As I mindlessly went through the motions of tucking him in last night a stray thought hit me.
I thought of the woman (or man) who created Night Night Bear to sell at a craft bazzar. I bet she couldn’t have imagined her creation would have ever been so loved, would be adopted, and be grafted in as such an integral part of someone’s family. I smiled thinking of her and the inadvertent impact she had made on us. Then another thought occurred to me. What if she had not created Night Night Bear or ever tried to sell him that day?
How many times have I left a moment of inspiration unattended? Or a desire to create something and launch it out into the universe but hesitated and let the moment pass by? How many times have I let fear of rejection, or failure, or even busyness intrude and abandon my desire to give my gift to the world?

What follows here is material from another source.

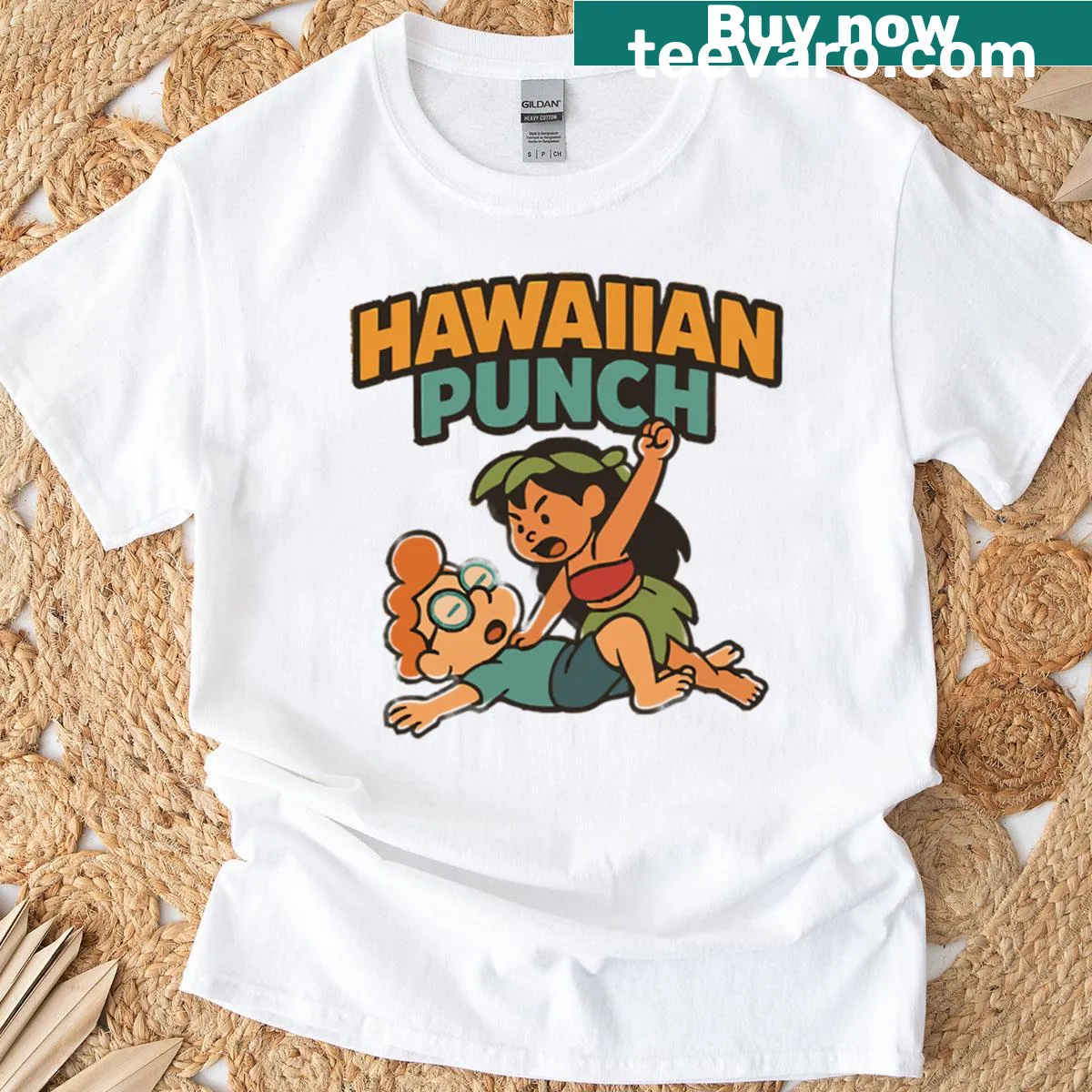 Cute Lilo Stitch inspired design T-shirt featuring playful illustrations — on a men's t-shirt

What if the maker of Night Night Bear would’ve second guessed herself and decided dressing a bear up like a zebra was a stupid idea? What if she decided her price was not worth the time and effort for such a project? What if she decided to be lazy and Netflix all day instead?

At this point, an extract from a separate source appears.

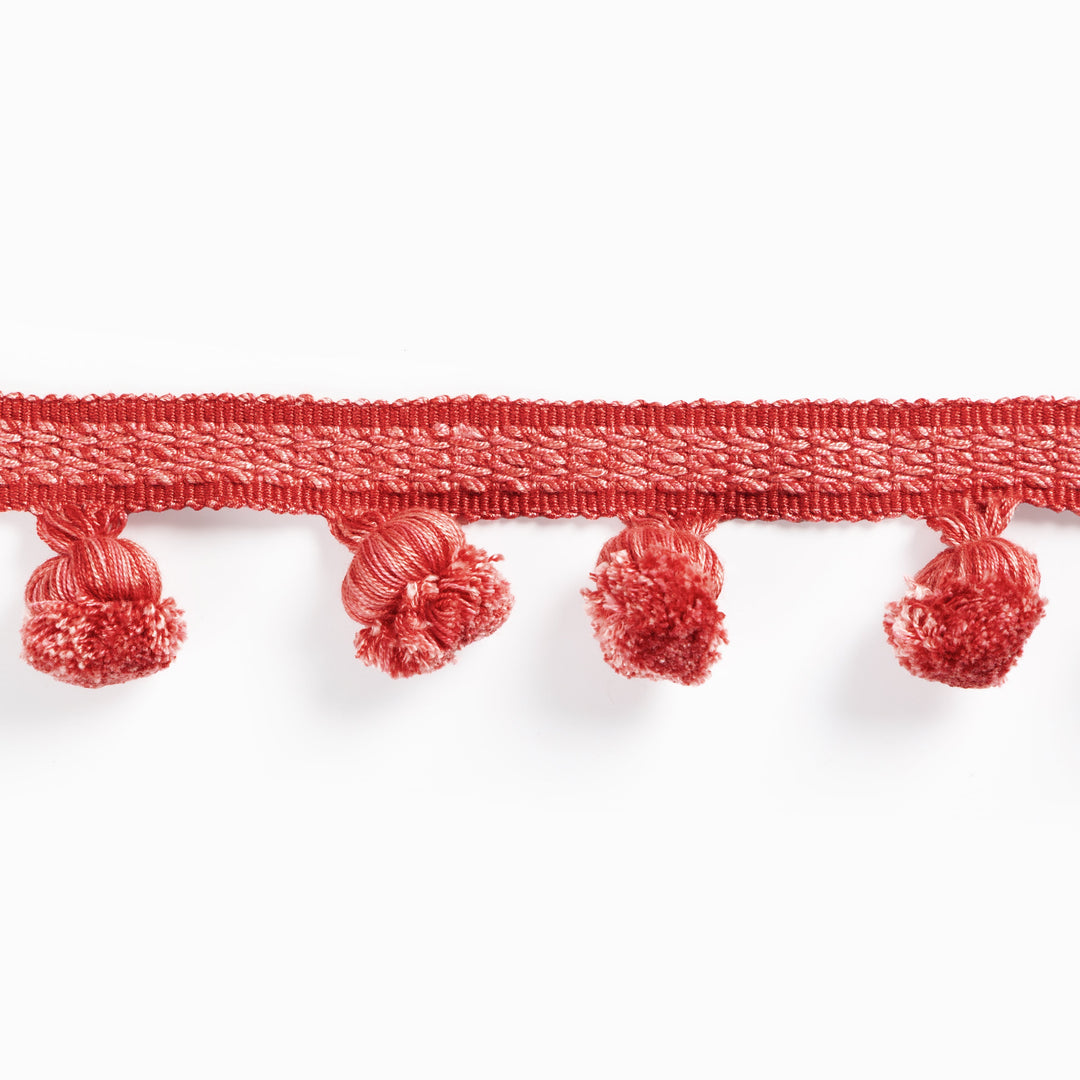 Montcel Pom Fringe - Red By Brunschwig & Fils Trim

There’s no way for this stranger to ever know the impact of the gift she decided to put out into the universe.
I thought of other gifts people have put out into the universe that I’ve found, picked up and carried around with me for life’s crazy journeys.
Books I’ve read that changed my perspective. An inspirational blog whose encouragement showed up when I felt like giving up. They gave a gift of words.
When I feel alone and taken advantage of, I remember sweet moments spent with a friend and remember that I am loved. They gave a gift of friendship.
After severing ties with someone whose friendship ended after a hurtful season, an olive branch was extended. This year a slow process of healing and mending was initiated. They gave a gift of forgiveness.
I look around my room and see sweet little tokens, reminders of friendship and thoughtfulness from tinkerers who love to craft their Pinterest-worthy experiments. They gave a gift of talent.
To candlemakers, to writers, to photographers, to telephone callers, to card makers and crafters, to bakers, to teddy-bear- dressed-like-a- zebra-makers.
Whenever you can and whatever you can throw out into the world, GIVE YOUR GIFT.
I know it’s scary sometimes. We feel insecure, overwhelmed, unimportant, or busy. Don’t shove your craft supplies in a forgotten corner cabinet. Don’t fill up your schedule so full you forget to just relax with a friend in a small coffee shop giving your gift of a listening ear. Don’t talk yourself out of setting up that podcast or writing that book, or making that phone call just to say hi. Send that snail mail hand written letter. Take that picture, and send all the gifts into the world.
We don’t know which ones will stick. Which we will carry with us, tuck in with us at night, remember in a tough spot, march with us into battle. Which gift will become so tattered and worn from using that someone can’t even remember life without it.